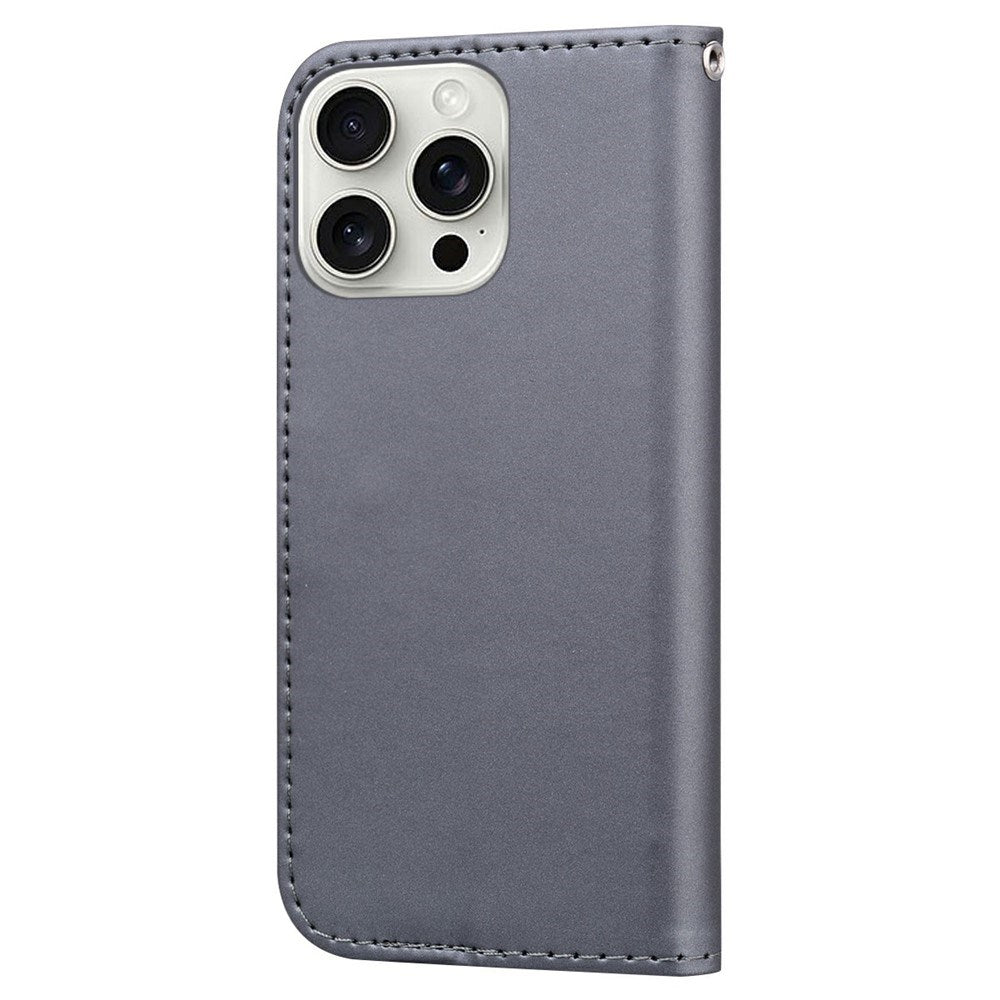 iPhone 16 Pro Faux Leather Flip Case with Character Design - Grey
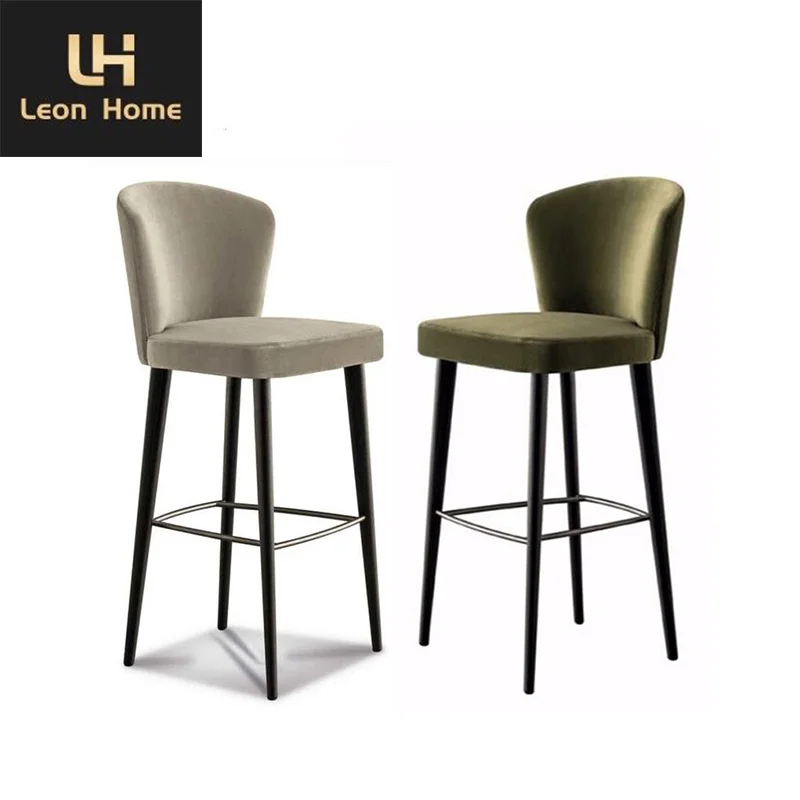 Luxury Design Italian Minimalist Wood Vintage Stool Barstool Curved-Back Fabric Counter Stool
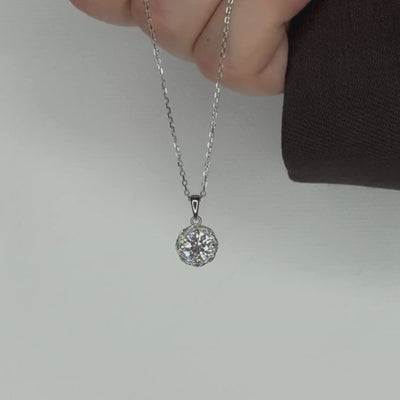 “Stockholm” Moissanite 1ct Swirl Halo Necklace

____________________

Your assignment: The range to set down runs from the line containing "Luxury Design Italian" through the final line of the data, both ends included; give it exactly and drop the pictures.

Written answer:
 Luxury Design Italian Minimalist Wood Vintage Stool Barstool Curved-Back Fabric Counter Stool
 “Stockholm” Moissanite 1ct Swirl Halo Necklace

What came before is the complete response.